Diré algo sobre una palabra que se menciona poco pero que resuena. Benevolencia. No la he estudiado, así que ese algo es, por fuerza, ajeno y fragmentario.
De la etimología. En occidente, el origen de la palabra es romano pero el del concepto es griego. Los griegos clásicos usaron eudokia que significaba recibir bien lo que parece conveniente para uno. Aristóteles no vio mayor mérito en esa idea elemental y propuso que se debería dar un sentido de la eudokia por el cual la opinión conveniente se manifestara hacia el otro distinto a uno.
Los romanos alteran por completo esta acepción desde el vocablo mismo. Benevolencia es buena voluntad; mantener una actitud de buena voluntad hacia los demás. Según el filólogo y sacerdote español Manuel Guerra, los primeros cristianos ya distinguían entre benevolencia y beneficencia, que es hacer el bien. La beneficencia es una expresión de la caridad.
De la historia de la filosofía. Para Aristóteles la eudokia era una virtud menor; da la impresión de que la tradición cristiana tampoco le da un lugar central. En todo caso, la beneficencia y la caridad en sus expresiones más materiales se convirtieron en el centro de la práctica cristiana. Una solución materialista y fácil que se expresa en la limosna. Mencio, el filósofo chino contemporáneo de Aristóteles, pone a la benevolencia (rén) entre las cuatro virtudes cardinales. En esta doctrina, “la benevolencia no es simplemente una cuestión de sentir de cierta manera: también tiene aspectos cognitivos y conductuales. Una persona totalmente benevolente estará dispuesta a reconocer el sufrimiento de los demás y a actuar de manera apropiada” (Stanford Encyclopedia of Philosophy).
De mi caletre, recordando que es una palabra prima de carácter. Se escapa un aspecto importante en esta aproximación. De la idea griega original, se pierde el recibir; de la idea romana, se pierde la buena voluntad. La benevolencia podría ser, también, recibir bien lo que hace el otro así a primera vista no pareciera conveniente para mí; es decir, recibirlo presumiendo que el otro tiene buena voluntad. No debiera, por tanto, distinguirse al hombre de buena del de mala voluntad, al menos en principio.
Los filósofos y profetas que han creído que los hombres son buenos, mantienen sus reservas. Mencio sigue la tradición de predicar las virtudes entre los cercanos; Jesús hacia el prójimo, que es lo mismo. Y después de algunas malas experiencias se distingue entre los hombres de buena y de mala voluntad.

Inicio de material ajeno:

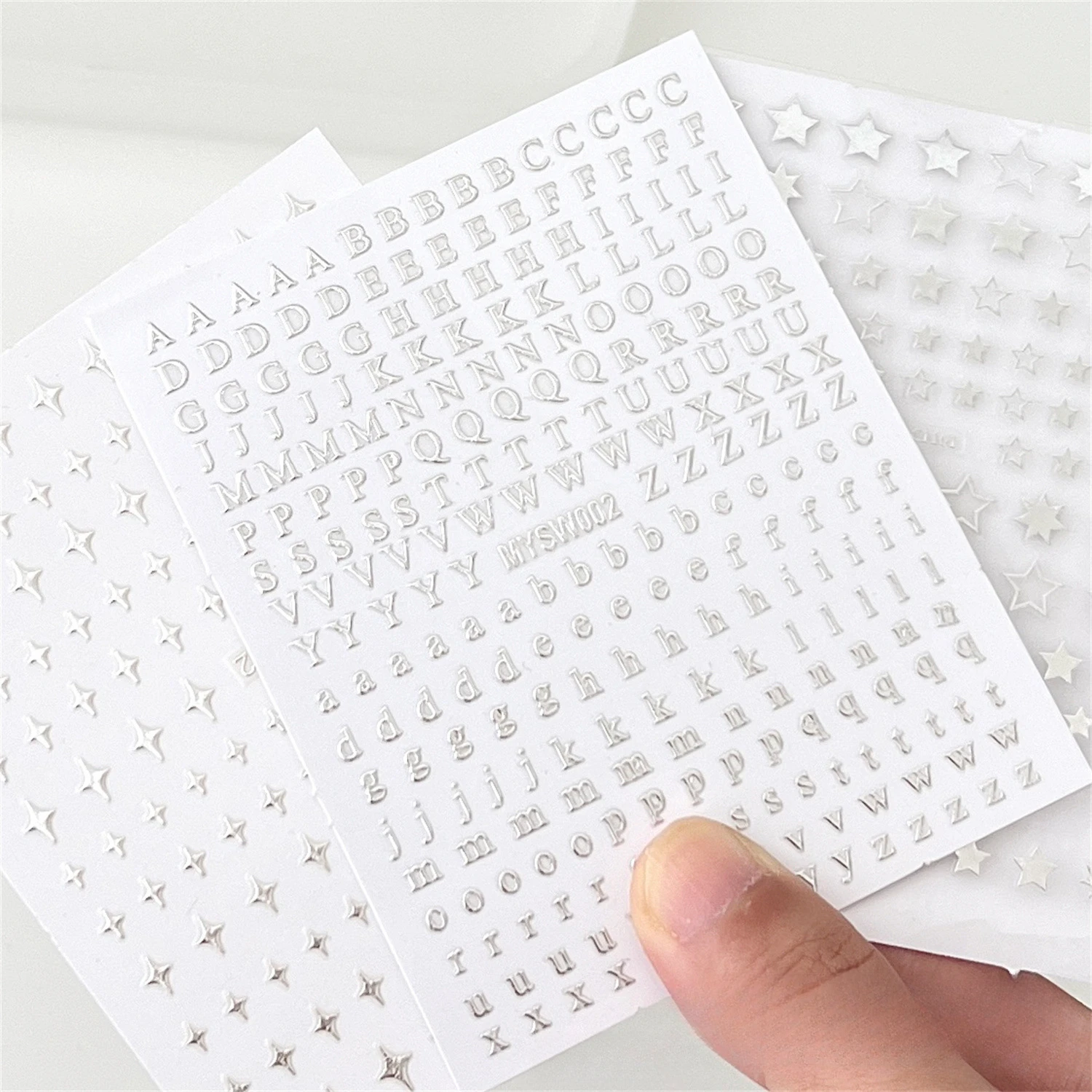 

Набор наклеек с серебряной звездой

Pero solo después de una mala experiencia individual. Cada persona debería recibir la oportunidad de que su opinión, su acto, su silencio, sean tomados como venidos de la buena voluntad. Solo después, cuando se verificara una mala intención, entraría a ser objeto de desconfianza. Solo después y solo él. Todos los demás deberían conservar intacta su presunción de buena voluntad.